Baroque opera is heavenly Monty Python

For a while I’ve been having a clandestine affair with Handel. Hubby out, kid at school and I’m tripping on Julius Caesar with Janet Baker from 1984. I bought the DVD not realizing this is all sung in English, but now I am glad, since I can enjoy this piece in two ways – weeping with the divine sound of Janet’s arias and rolling on the floor with laughter listening to recitatives.  One goes like this: “So I cut off this lady’s husband’s head  to win her love. Strange, but  she didn’t like it.  So I  fought with the king who gave me the order, but lost. But I have a whole army tucked away somewhere. So I can still win.  Too bad, I’m dying.
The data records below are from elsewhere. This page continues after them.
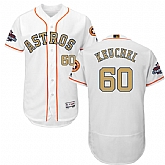 Astros #60 Dallas Keuchel White 2018 Gold Program Flexbase Jersey,baseball caps,new era cap wholesale,wholesale hats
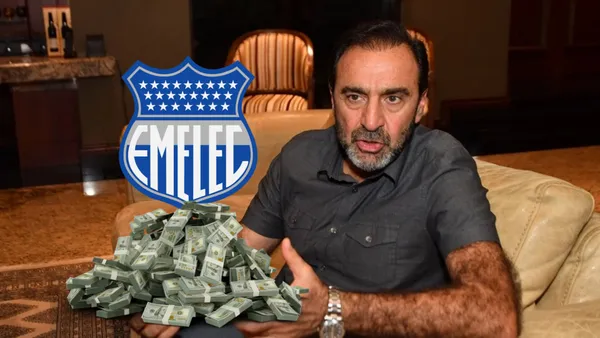 Emelec-Nassib Neme / Foto: El Universo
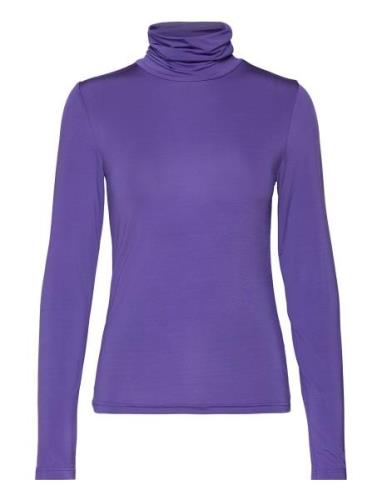 Ellisgz Ls Rollneck Tops T-shirts & Tops Long-sleeved Purple Gestuz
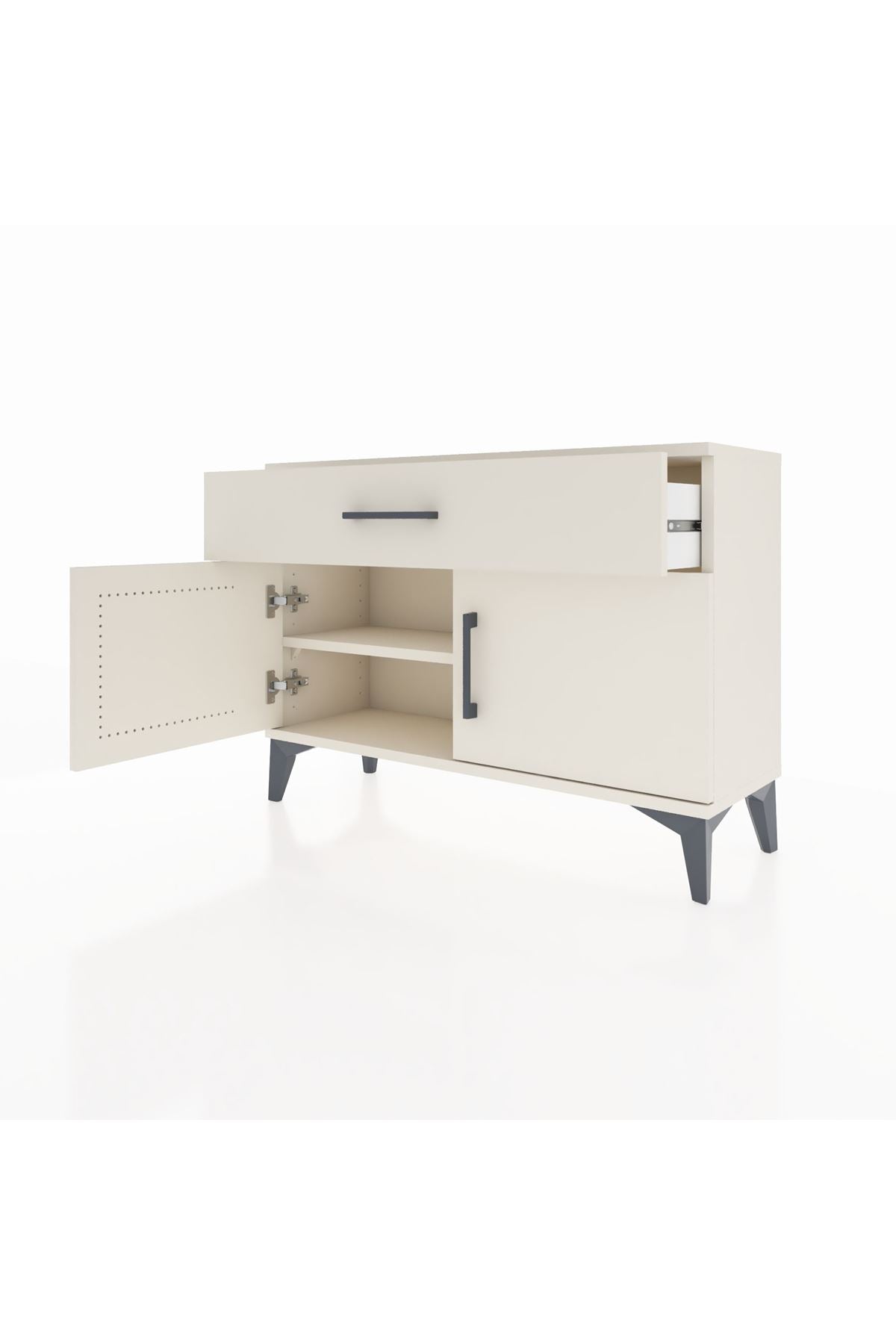 Arges Şifonyer Tek Raflı Tek Çekmeceli 2 Kapaklı 88x30x64 Aytaşı-Aytaşı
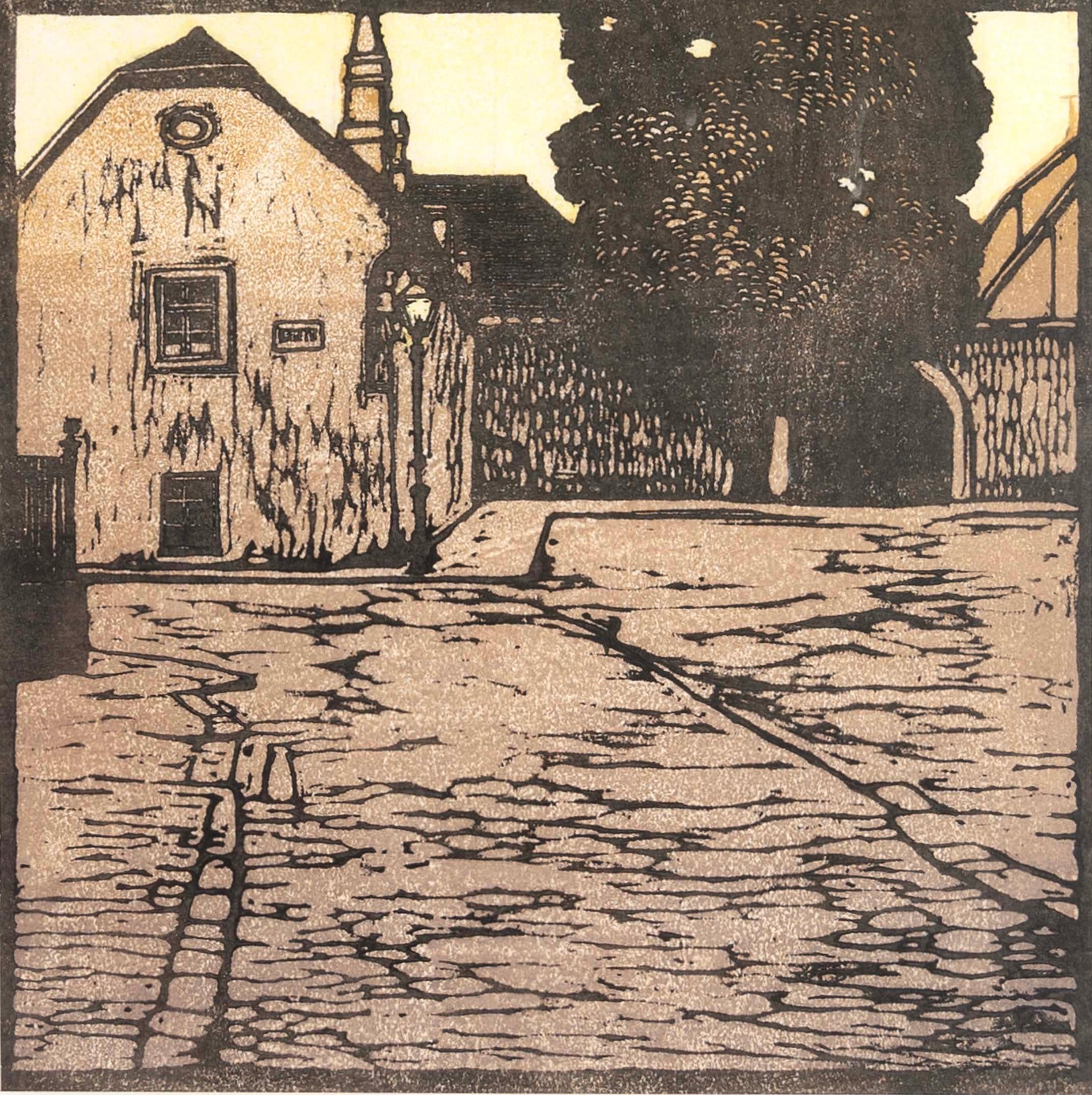 Carl Moll Beethoven Hauser (Portfolio de 12) Gravures sur bois en couleurs signées Art Nouveau en vente 4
You guys tell her I’m sorry.”

Another cool thing with the baroque pieces is that guys can be played by women. Sort of reverse Monty Python, where guys do all these hilarious old ladies. And opposite of Shakespeare, where originally guys did all ladies, young and old. Some contemporary productions want to bring in some balance and try to cast these operas as God intended, males doing men, females – women. But then it becomes too serious, and with the plots being silly as they are, this can’t be!

One of my most memorable operas was a drag Don Giovanni, aka “Donna Giovanni”, by Jesusa Rodriguez. The troupe was called Companias Divas, from Mexico, and it had five women and two men.  It was done with a piano. They were not even trained opera singers, and some music critic almost had a heart attack reviewing the show. But it was great theatre and proved (to me at least, at tender age of 20-something, in Edinburgh), that ANYONE can do opera. Just transpose an octave lower, get some costume… or no costume… tell the story.

Gosh, aren’t I slow reviewing shows from the 80s… but better late than never!